SOCIAL-DARWINISM IN YOUNG TURK MINDSET – 2020-4

Summary

Regina A. Galustyan
A few Armenian and foreign researchers have mentioned the existence of social-Darwinism in the mainstream of the ideology of the Committee of Union and Progress (Young Turks). The aim of this article is to develop further this idea, mainly to show the possible ways social-Darwinism was implanted in the Young Turk nationalist ideology and its further manifestations. The article demonstrates that although not all high-ranking party members followed the philosophical school of Herbert Spencer, the main concept of the “survival of the fittest” was accepted by many Young Turk politicians at different levels of the party hierarchy.
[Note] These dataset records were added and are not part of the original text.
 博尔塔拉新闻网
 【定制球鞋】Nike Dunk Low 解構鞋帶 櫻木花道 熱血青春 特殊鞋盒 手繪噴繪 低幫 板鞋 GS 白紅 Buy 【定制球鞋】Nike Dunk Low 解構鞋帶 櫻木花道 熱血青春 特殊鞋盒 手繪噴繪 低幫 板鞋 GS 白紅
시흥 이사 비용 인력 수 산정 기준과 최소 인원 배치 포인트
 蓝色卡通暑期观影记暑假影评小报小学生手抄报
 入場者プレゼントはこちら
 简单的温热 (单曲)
In compliance with their social-Darwinist mindset, they saw war as a significant and inevitable stage in the development of the nation. Many politicians, including Mehmed Taalat, the Minister of Interior, saw the war as an opportunity to change the demographic, economic, foreign, and inner political situation of the empire. The government internalized Italo-Turkish (1911-1912), the Balkan wars (1912-1913), and World War I (1914-1918) to start a war against the Christian citizens of the empire, who were declared as “inner enemies” and “ulcers on the body of the state” endangering its existence. As a long-term goal this policy aimed at clearing the land from the non-assimilated national minorities, homogenizing the population, and establishing a national economy and a Turkish nation-state.
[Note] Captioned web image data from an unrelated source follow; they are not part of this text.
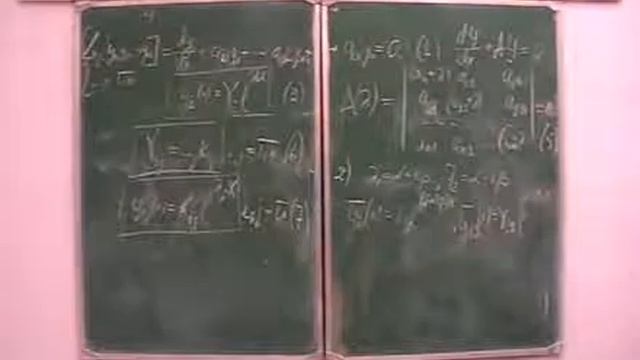 Лекция 4. Линейные системы дифференциальных уравнений смотреть онлайн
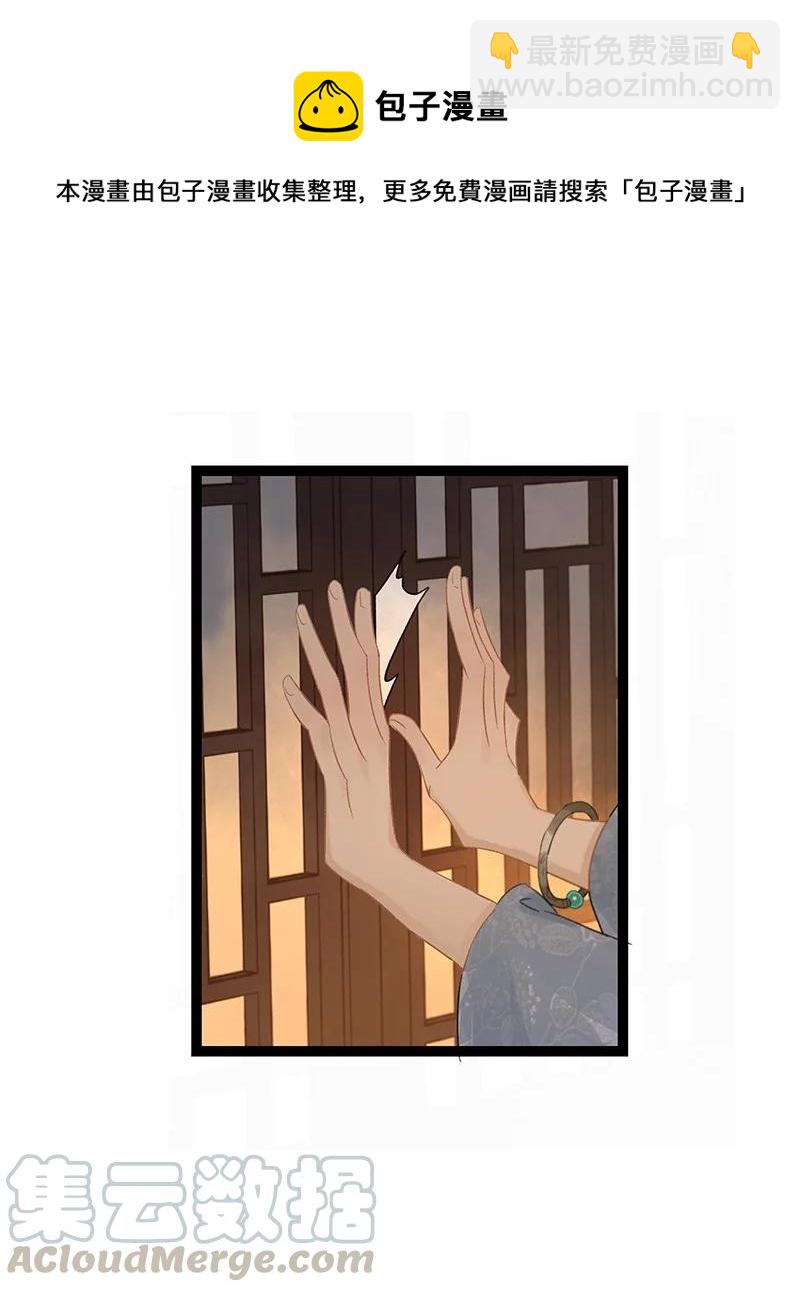 137 ——师父？！是你吗？20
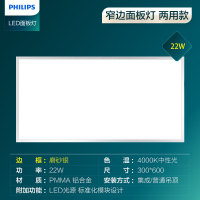 飞利浦集成吊顶led窄边面板厨房平面灯600超薄x平板铝扣300 300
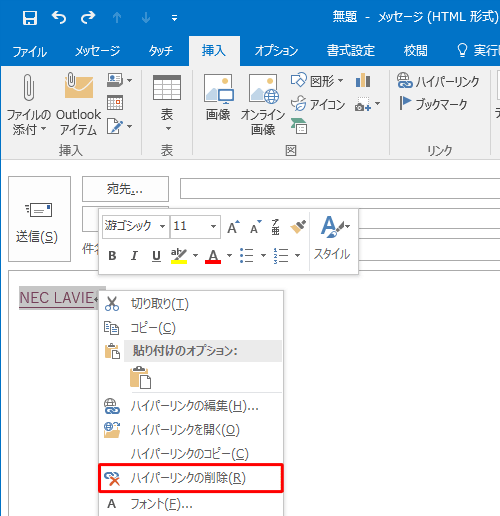 表示された一覧から「ハイパーリンクの削除」をクリックします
In the second part of the article, the intersection of the two ideas of socialDarwinism and Organicism is discussed. The basis of this philosophy is the belief that the laws of natural sciences identically operate in human society. From here derives the analogy of society and a living organism, and the conclusion that the healthier organism will win the struggle for existence. Starting from the Balkan Wars we encounter organicist terminology in Young Turk periodicals and in the lexicon of the party ideologues. With the outbreak of WWI and during the Armenian Genocide the medical justification of the killing took place, as according to the social-Darwinist mindset, the destruction of maladapted species is considered natural. In this ideological context the direct involvement in the killings of the Turkish doctors, and medical experiments on the Armenian victims are brought as an example.

In the end, the article attempts to analyze the relations of religion and socialDarwinism in Young Turks’ mindset, as well as their perception of morality.